Now that we understand joint probability, let’s dive deeper into joint probability distribution.

Exploring Joint Probability Distribution

A short definition is that a joint probability distribution represents a probability distribution for two or more random variables and looks for a relationship between the two. But let’s use a very basic example to understand joint probability distribution

Suppose we have a group of 50 young boys and girls and a survey is done on whether some like anime, horror, or both. And the data is represented in the table below.

	Boys	Girls	Total
Anime	19	11	30
Horror	8	12	20
Total	27	23	50

Survey data

There are some straightforward questions that can be answered from the data

What is the total number of girls that participated in the survey? (Answer: 23)
What is the total number of boys that like horror? (Answer: 8)
How many people in the sample are girls and like anime? (Answer: 11)
How many like horror?(Answer: 20)

Till here things are pretty simple, right? Now with a small change, we will convert this data into a probability distribution table.

	Boys	Girls	Total
Anime	0.38	0.22	0.6
Horror	0.16	0.24	0.4
Total	0.54	0.46	1

Probability distribution of the survey

We have just represented every data as a fraction of 1 by dividing everything by 50(Total number of people), this makes our data a probability distribution. Now if we pick a person from the sample at random and ask what will be the probability of the person being a boy and liking horror? The answer will be 0.16 which is the joint probability of the event of a person being a boy and a person liking the horror genre. In other words P(Boy And Horror) = P(Boy ∩ Horror ) = 0.16

Joint probability distribution represents the probability distribution of two or more random variables and explores their relationship. It can be visualized in Python using libraries like NumPy, Pandas, and Seaborn to analyze and plot the data.

Let’s apply the concepts we’ve learned to a real-world example and implement joint probability distribution using Python.

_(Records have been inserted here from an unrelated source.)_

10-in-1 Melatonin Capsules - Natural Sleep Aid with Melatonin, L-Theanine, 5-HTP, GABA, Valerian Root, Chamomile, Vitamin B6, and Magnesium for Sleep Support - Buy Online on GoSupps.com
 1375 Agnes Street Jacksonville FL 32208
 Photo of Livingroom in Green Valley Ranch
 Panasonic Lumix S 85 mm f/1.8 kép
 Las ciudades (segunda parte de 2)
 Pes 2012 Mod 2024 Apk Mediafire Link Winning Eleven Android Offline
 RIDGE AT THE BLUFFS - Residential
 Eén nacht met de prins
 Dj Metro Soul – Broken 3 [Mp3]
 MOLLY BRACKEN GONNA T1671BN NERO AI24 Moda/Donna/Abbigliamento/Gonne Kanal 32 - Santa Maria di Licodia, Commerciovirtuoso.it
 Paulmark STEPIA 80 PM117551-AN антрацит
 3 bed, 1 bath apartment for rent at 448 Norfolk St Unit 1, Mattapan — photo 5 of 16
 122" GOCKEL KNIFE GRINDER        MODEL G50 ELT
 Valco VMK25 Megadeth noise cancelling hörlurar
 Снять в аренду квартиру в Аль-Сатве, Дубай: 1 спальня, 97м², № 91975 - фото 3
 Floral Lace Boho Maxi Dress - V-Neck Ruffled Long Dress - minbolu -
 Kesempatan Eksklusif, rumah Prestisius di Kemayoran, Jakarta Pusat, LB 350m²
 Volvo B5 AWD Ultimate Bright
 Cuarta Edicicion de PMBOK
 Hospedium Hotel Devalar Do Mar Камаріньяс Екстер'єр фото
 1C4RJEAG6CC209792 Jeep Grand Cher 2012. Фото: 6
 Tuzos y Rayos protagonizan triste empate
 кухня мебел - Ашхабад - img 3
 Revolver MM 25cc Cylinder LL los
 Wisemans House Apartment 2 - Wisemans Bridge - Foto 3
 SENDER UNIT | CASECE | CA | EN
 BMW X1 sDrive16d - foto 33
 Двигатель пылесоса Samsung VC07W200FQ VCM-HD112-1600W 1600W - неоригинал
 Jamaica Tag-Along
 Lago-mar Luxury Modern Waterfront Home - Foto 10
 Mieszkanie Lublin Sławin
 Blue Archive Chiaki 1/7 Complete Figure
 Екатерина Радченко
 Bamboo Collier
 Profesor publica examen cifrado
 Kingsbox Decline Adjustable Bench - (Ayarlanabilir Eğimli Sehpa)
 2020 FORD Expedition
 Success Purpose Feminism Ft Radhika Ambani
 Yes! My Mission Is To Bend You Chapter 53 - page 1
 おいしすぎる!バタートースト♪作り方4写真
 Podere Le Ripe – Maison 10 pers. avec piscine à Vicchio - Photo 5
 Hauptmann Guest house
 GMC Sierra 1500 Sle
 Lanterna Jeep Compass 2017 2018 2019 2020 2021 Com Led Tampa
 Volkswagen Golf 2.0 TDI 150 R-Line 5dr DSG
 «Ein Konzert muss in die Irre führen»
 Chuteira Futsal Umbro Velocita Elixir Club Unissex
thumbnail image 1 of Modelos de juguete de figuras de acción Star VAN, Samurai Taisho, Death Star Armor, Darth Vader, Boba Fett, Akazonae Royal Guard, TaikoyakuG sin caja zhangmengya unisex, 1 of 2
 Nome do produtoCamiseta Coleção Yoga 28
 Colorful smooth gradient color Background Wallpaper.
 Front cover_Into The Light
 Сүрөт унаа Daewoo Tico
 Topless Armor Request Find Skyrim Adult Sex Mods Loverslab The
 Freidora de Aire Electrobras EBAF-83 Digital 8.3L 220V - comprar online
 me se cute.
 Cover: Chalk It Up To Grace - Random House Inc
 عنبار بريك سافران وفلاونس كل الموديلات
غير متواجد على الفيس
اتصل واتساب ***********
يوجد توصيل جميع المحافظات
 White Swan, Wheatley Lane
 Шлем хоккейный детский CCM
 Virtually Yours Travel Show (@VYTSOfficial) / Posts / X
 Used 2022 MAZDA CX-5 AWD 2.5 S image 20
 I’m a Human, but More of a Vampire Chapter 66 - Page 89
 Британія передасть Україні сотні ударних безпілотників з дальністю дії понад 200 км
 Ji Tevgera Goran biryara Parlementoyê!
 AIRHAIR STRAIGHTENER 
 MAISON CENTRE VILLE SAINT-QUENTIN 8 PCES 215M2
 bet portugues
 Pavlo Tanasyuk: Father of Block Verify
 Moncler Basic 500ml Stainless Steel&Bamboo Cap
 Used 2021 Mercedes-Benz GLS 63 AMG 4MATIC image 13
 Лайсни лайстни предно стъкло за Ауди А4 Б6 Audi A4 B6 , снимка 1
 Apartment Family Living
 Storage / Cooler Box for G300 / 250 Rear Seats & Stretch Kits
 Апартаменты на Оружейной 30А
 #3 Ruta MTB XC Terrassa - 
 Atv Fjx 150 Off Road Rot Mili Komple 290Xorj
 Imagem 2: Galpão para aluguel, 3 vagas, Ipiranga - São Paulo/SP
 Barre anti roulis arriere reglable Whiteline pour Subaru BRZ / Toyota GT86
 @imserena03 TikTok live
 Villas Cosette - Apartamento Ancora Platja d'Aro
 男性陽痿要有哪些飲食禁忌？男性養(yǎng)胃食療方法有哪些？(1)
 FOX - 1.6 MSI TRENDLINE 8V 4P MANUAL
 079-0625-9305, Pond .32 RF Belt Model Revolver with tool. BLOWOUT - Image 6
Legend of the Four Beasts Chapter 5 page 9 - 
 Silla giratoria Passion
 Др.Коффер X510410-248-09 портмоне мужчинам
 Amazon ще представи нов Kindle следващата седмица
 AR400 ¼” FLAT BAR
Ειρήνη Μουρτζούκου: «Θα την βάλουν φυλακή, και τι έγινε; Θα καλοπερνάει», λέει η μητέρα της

Implementing Joint Probability Distribution in Python

Let’s implement and visualize joint probability distribution using python.

Let’s start with 2 random variables A and B.
These variables are normally distributed

We will start by importing the required modules

import numpy as np
import seaborn as sns
import pandas as pd

Now we will define our normal variables A and B by using the normal() function of the random module of numpy. np.random.normal(size=100) will generate an array of 100 random numbers drawn from a standard normal distribution with a mean of 0. The size parameter specifies the size of the array to generate.

A = np.random.normal(size=100)
B = np.random.normal(size=100)

The normal distribution data produced is used to build a pandas DataFrame with two columns, “A” and “B,” and to populate them. There will be two columns and 100 rows in the final data frame.

df = pd.DataFrame({'A' : A , 'B':B})

Using the jointplot() function from seaborn, a joint plot is produced in the next line of code.. The x and y parameters specify the columns in the DataFrame to use for the x and y axes, respectively. In this case, ‘A’ is used for the x-axis and ‘B’ for the y-axis. The data parameter specifies the DataFrame to use as the data source for the plot.

sns.jointplot(x='A', y='B' ,data=df )

Output:

Screenshot 2023 03 26 201900 — The joint probability distribution for normal random variables A and B

Summary

In this tutorial, we explored joint probability and joint probability distribution in mathematics and demonstrated their implementation in Python using libraries like NumPy, Pandas, and Seaborn. Understanding these concepts is crucial for anyone interested in pursuing a career in machine learning and AI. As you explore further into probability and data science, consider how joint probability distributions can be used to reveal deeper insights into relationships between variables in various datasets.